Uhhh... this has nothing to do with spazzing or horse issues. People have gotten hurt from falling when it was *their* fault. I have trouble keeping my balance and have fallen before. I'm glad I was wearing a helmet because I landed on my forearms and rolled to the side, risking head injury. 

Sometimes the horse has accidents. My sister has lost balance when a horse tripped and she fell against a fence post, banging her head. But you know what? She's fine because she had a helmet on. It's not always about behavioral issues or "wussification". The horse she was riding was a great horse and even used for lessons. That horse never acted up, but slip ups happen. 

Also, lets forget about *our* horses for a second. In western pleasure you ride with others in a ring. What if their horses had a bad day and came charging at you or accidentally injury you/your horse? It's happened before, but if you're well prepared you decrease the risk of injury. 

If riding and training horses is all you want to do - go ahead. If you get brain damage or lose basic motor functions-oh well. If it's your only passion in life, make the most of it and let loose. However, for those who want to be/are lawyers, doctors, teachers,assistants, fry cooks, or anyone that requires their brain to make a steady income-please be safe. You have other things in life you need to do other than your hobby-especially if you're not making money off it. Wearing helmets depends on how much you value horseback riding.


----------



## SilverMaple

Western show classes are very much geared toward 'a look'. Even wearing the wrong style or color of hat will get you marked down. Wearing a helmet would get you a non-placing around here unless it's a 4-H show where every child must wear one. Even at a non-sanctioned Open Show, helmets are few and far between and just not seen at breed shows. So, you can wear your helmet and go enjoy the show and don't worry about it if you get docked, or not wear the helmet. It's up to you. If you just want experience for your horse and are worried he may 'spazz out' then wear one. If you want to be in the ribbons, you're likely to have a much better chance without your helmet unless you end up with one of the rare judges out there who won't care. 
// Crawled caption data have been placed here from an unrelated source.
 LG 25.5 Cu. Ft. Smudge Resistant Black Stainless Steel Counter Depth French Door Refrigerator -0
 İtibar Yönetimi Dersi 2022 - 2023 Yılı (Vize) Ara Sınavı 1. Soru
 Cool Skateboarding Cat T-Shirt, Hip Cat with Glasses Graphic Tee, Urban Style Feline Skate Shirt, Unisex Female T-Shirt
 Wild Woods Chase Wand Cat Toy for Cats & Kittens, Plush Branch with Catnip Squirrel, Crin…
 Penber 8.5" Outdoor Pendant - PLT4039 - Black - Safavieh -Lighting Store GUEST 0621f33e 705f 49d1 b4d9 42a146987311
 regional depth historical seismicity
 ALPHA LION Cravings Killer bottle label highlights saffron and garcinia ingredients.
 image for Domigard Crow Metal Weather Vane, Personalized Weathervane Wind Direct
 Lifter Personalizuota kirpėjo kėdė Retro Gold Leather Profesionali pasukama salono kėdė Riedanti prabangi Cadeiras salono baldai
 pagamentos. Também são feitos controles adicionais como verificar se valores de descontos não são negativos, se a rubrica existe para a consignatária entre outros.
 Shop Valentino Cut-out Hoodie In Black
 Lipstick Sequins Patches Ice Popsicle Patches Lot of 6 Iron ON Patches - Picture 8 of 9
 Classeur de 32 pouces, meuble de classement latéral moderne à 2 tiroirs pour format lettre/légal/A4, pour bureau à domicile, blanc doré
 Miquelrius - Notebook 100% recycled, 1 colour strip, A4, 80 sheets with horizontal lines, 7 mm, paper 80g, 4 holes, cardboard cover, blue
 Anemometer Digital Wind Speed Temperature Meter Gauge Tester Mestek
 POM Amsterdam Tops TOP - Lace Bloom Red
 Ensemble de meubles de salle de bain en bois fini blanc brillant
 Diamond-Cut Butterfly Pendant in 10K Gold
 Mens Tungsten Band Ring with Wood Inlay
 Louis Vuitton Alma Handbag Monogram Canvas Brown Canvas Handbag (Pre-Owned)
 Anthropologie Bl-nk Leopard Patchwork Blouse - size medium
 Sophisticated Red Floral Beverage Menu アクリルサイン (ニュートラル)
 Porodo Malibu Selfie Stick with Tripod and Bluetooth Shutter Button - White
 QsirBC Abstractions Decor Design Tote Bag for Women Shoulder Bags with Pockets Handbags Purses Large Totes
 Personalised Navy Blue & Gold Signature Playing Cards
I do see some kids wearing helmets in walk-trot classes/leadline (kids under about age 8) and sometimes in games, but otherwise it's just not done. Right or wrong, it is what it is.


----------



## trailhorserider

This thread is old, old, old! BUT, no harm in reviving it. I think it's an interesting topic for discussion. I think it's interesting that judges place looks over safety. I agree, it sort of ruins the "look." But you know what, riding CAN be dangerous. Stuff can happen. So it's kind of interesting that you would get docked for being safe. But yeah, it does ruin the "look" I admit!


Since I trail ride, and I've always been a bit of a loner, I don't care how I look. However, I do admit wearing a helmet probably makes me look like a wuss. Because that's what I think when I see other people trail riding with a helmet. I think, they must have had a few too many close calls or be scared of their horse. But we each only have one brain. It probably makes sense to protect it if protecting it is only the difference of wearing a helmet instead of a hat.


That's what I figure.......I'm going to be wearing a hat anyway to keep the sun off me. So I might as well wear a helmet with a brim. Does the same job as a hat and could help protect my brain in an accident, so why not?


----------